*** Opening of DATA SECTION ***
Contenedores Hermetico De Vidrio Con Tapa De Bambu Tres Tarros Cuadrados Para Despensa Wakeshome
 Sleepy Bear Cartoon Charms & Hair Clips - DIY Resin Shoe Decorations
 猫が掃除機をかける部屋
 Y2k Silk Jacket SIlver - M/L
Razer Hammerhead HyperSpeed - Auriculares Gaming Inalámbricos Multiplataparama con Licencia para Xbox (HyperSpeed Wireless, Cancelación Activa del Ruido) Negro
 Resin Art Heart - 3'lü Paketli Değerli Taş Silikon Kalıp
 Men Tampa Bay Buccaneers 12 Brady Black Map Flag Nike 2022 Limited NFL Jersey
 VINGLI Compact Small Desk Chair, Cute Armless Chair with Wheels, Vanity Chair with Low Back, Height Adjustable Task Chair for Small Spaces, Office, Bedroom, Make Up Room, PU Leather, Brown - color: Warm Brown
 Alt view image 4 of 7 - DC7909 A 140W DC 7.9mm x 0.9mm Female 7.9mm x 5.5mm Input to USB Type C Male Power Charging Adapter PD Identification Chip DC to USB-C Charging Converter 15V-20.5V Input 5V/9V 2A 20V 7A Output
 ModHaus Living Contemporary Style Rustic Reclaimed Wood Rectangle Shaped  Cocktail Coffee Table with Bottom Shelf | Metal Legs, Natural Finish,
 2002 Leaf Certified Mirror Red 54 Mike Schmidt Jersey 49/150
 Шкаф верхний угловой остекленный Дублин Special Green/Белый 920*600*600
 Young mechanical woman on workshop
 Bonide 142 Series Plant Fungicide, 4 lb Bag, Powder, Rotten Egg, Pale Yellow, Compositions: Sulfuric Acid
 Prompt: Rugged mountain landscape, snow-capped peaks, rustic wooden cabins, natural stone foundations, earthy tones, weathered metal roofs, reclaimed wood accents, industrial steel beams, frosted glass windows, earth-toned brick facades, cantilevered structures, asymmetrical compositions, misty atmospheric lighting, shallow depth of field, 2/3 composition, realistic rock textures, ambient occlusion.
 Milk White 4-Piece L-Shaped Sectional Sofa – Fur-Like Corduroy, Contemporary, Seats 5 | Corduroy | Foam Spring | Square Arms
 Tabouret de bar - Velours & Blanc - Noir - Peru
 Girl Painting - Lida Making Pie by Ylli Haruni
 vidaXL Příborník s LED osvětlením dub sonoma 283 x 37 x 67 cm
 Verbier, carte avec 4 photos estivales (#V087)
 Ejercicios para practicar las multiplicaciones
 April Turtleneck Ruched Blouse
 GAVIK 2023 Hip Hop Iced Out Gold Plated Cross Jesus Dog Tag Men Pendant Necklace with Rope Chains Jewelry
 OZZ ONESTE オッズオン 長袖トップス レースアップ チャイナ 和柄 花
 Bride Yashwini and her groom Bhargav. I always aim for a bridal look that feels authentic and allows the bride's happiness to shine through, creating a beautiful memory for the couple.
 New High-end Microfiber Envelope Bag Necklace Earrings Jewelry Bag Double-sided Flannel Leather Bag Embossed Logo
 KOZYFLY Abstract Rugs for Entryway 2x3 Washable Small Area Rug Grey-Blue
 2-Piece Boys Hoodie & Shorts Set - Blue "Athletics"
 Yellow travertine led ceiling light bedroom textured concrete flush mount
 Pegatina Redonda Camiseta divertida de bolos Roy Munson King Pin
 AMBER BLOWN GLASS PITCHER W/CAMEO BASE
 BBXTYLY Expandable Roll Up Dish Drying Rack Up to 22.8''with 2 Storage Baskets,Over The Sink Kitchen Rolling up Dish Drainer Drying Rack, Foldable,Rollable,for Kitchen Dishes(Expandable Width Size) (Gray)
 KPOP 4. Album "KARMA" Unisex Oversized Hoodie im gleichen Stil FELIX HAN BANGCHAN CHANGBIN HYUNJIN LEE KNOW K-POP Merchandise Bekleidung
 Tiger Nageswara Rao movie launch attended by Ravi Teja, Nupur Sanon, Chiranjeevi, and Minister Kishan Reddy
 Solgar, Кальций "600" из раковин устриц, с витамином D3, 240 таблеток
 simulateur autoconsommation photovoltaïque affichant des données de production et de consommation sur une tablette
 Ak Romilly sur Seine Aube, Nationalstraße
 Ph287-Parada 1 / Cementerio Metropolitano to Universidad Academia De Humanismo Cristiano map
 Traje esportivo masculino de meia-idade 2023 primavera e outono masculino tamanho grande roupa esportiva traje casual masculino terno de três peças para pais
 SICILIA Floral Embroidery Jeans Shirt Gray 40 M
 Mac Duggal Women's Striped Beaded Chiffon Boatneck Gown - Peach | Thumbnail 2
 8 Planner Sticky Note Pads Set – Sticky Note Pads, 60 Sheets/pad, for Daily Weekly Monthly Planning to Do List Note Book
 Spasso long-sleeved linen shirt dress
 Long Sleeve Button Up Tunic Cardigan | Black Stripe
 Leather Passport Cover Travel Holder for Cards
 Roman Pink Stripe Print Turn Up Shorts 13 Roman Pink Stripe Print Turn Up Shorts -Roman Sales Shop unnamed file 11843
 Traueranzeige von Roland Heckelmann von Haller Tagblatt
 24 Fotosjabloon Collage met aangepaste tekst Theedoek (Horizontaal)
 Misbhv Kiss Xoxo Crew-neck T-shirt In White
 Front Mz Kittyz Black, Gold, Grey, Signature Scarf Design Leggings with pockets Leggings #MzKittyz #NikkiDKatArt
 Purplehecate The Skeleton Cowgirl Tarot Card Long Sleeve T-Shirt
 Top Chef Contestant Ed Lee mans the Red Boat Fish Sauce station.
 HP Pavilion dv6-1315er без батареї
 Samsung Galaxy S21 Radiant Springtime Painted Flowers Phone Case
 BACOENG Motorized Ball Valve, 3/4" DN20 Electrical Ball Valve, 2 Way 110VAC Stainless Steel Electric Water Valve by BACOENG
*** Close of DATA SECTION ***
▸ WHAT TO WORK ON
Only a number is asked for here: the count of lines in the records that hold "Gold".

▸ RESPONSE
2